Кроме того, у солдат императора всегда была возможность позаимствовать на краткое время жизни все необходимое у обитателей покоряемых стран, ибо счастье быть подданным такого гения, как Бонапарт, имело вполне ощутимый материальный эквивалент. Сегюр вспоминал, что "каждый вечер солдаты принуждены разбегаться, чтобы добыть все, что им нужно для жизни, и так как они никогда ничего не получают из казны, то у них развивается привычка все брать самим". С доскональнейшей тщательностью заботясь об оружии, амуниции и одежде, Наполеон совершенно сознательно не уделял почти никакого внимания продовольствию, заявляя, что армия должна кормиться в завоеванных странах сама. И армия кормилась: поиздержавшиеся в дороге воины первым делом спешили одолжиться у окрестного населения, не только грабя всякого встречного, но тут же с балаганным шумом и перебранками продавая награбленное. По воспоминаниям современников, французская армия в Москве в 1812 году была уже более не армией, а одной невообразимой "ярмаркой". Т. о., то, с чем безуспешно пытались бороться революционные генералы, вроде Гоша, Моро и Клебера, Наполеон возвел в самый принцип военного существования.
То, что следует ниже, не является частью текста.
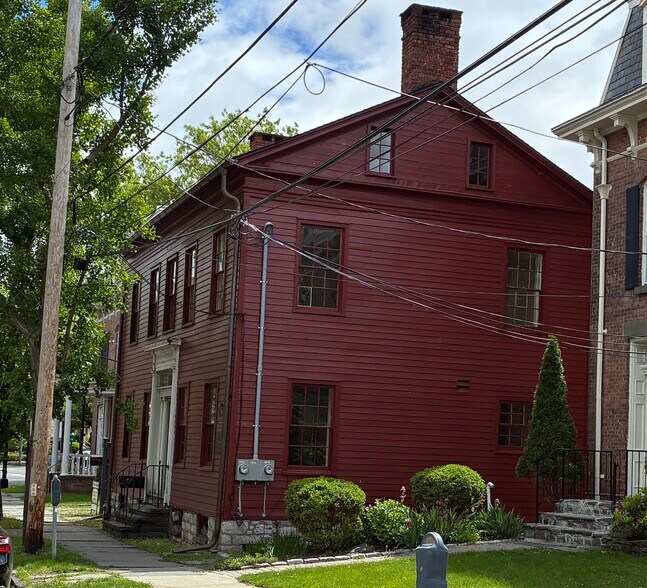 More Photos Of 8 Pearl St, Kingston Loft Creative Space For Sale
Впрочем, пример подавался свыше. Маршал Сульт - посредственный командующий в Испании и бездарный начальник штаба при Ватерлоо - за время своего пребывания на Пиренеях собрал уникальную коллекцию религиозных картин и скульптур, желая, видимо, с их помощью исполниться благодати Господней и стяжать себе веру истинно нелицемерную; тяга маршала ко всему горнему и возвышенному была столь велика, что в Испании не осталось, кажется, ни одного богоугодного места, которое бы не обчистил этот ловкий проходимец - не считая, конечно, тех обителей, в которых прежде успел побывать король испанский Жозеф Бонапарт. Последний был человеком приятным, образованным и даже склонным к реформам, однако ж и себя за трудами праведными не забывал: в процессе бегства из вверенной ему Испании в 1813 году приятный и образованный человек был обыскан, к досаде его, как раз в тот момент, когда в королевской карете нечаянно случились 165 испанских картин, вырезанных из подрамников для удобства транспортировки. Маршал Массена всю свою жизнь оставался контрабандистом. В начале Континентальной блокады он за несколько месяцев заработал на продаже пропускных свидетельств 6 миллионов франков; правда, вся эта добыча была вскоре конфискована Наполеоном, но маршал не жаловался: ему ничего не стоило за следующие несколько месяцев заработать еще столько же. Зато как-то раз, при Ваграме, когда он пообещал наградить за храбрость кучера и форейтора 200 франками, а циничные штабные офицеры ужалили его прямо в ахиллесову пяту, упомянув о 200 франках каждый год, один из богатейших людей Франции вскричал: "Да пусть скорее вас всех перестреляют, а мне отстрелят руку! Если бы я вас послушался, я был бы разорен!" А когда Наполеон бросил однажды фразу: "Массена, вы первый грабитель в мире!", первый грабитель учтиво ответствовал своему императору изящным реверансом: "Только после вас, государь!"